Invasión (1969) es un film literalmente “fuera de serie” porque logra captar de modo indirecto las ansiedades del presente (la sublimación de la política en los intersticios de lo  genérico). Veinte años después, Las veredas de Saturno (1985) deja de lado la falsa alegoría (borgeana) para internarse en lo fantástico (cortazariano), pero una vez más para sublimar una política imposible o inhabitable: una utopía que había fracasado en la realidad (llevando al exilio de lo real al protagonista del film), pero también en la ficción (en los textos manifiestamente políticos de Borges y Cortázar, que Santiago logra reinterpretar). En Las veredas de Saturno vuelve imaginariamente a la fantasmática Buenos Aires de Borges, pero “del lado de allá” (desde la imaginación exasperada del exilio parisino) para redescubrir la ciudad real que soñaba Cortázar: esa Aquilea perdida (esa polis imposible) vista desde la doble distancia del espacio y el tiempo. Y lo logra allí donde no sólo Antín había trastabillado sino Cortázar mismo, traicionando la adaptación (en su doble sentido: literalidad y conciliación) para ser fiel a lo que subyace irresuelto tras la historia (así como antes había traicionado a Borges para expresarlo contra sus propias declaraciones reaccionarias), encontrando la verdadera relación entre fantástico y política en la tradicional idea del “fantasma”. No se trata tanto del retorno del pasado (del espectro de lo reprimido) sino de la imposibilidad de retornar al pasado (esa tierra extranjera): la memoria siempre es un fantasma del porvenir.

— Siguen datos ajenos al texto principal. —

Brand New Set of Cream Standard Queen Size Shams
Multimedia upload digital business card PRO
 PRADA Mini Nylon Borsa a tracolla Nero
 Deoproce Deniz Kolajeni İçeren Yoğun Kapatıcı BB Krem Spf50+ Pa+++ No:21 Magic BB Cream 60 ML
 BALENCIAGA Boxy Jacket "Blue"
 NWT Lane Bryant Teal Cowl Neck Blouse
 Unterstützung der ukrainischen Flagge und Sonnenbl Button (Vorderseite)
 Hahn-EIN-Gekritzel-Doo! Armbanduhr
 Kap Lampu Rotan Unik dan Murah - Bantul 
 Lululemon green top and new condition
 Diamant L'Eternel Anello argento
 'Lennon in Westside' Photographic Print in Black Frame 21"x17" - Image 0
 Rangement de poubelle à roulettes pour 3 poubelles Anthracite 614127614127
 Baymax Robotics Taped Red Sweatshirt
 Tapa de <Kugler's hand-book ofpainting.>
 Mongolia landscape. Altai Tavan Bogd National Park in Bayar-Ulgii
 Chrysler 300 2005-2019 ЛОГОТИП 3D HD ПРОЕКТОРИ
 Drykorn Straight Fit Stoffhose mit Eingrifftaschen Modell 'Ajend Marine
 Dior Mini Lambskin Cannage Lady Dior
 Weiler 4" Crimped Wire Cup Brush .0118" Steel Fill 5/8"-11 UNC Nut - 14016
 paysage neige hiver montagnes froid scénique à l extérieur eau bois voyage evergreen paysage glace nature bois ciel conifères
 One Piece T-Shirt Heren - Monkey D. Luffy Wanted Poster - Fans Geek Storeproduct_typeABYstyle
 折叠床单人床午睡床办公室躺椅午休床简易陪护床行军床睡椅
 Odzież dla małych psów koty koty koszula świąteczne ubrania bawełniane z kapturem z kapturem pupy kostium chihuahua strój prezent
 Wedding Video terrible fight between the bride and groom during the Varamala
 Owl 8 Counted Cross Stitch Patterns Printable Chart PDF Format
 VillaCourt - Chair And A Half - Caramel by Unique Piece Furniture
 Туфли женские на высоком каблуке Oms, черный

Pues el eje de le poética de Santiago no es tanto la revisión de la vieja dialéctica entre civilización y barbarie, sino la ambigua relación entre tradición y traición: la Historia no es otra cosa que la constante lucha por la reinvención del pasado. Y solo es fiel a su fantasma quien lo traiciona para proyectarlo hacia el futuro, aunque eso no asegure más que un triunfo siempre inestable, sujeto a las traiciones de lo que vendrá… Todo lo contrario sucede en el film que será de algún modo el involuntario adiós a su trilogía de Aquilea, realizado en colaboración con Mariano Llinás en el guión y Alejo Moguillansky en el montaje: El cielo del centauro se parece más a una momificación que a un revivir. Se trata de una película encorsetada, como un traje demasiado a medida hecho por devotos discípulos. Claro que el mismo Santiago se plegó gustoso al autohomenaje, a ese reconocimiento especular entre maestro y alumno (él mismo mismo no se cansaba de decir que era un discípulo de Bresson, aunque afortunadamente jamás trató de copiarlo). Esa congelada imagen idílica del pasado es un gesto impropio del maestro, que más bien  parece rendirse ante los jóvenes que lo idolatran para asumir una vez más el malentendido (avalado por una interpretación aséptica de Invasión, que la crítica practica desde –y para– su canonización como la película que representa la modernidad para el cine argentino).

[1] Ver David Viñas, Literatura argentina y realidad política, Jorge Alvarez editor, Buenos Aires, 1964.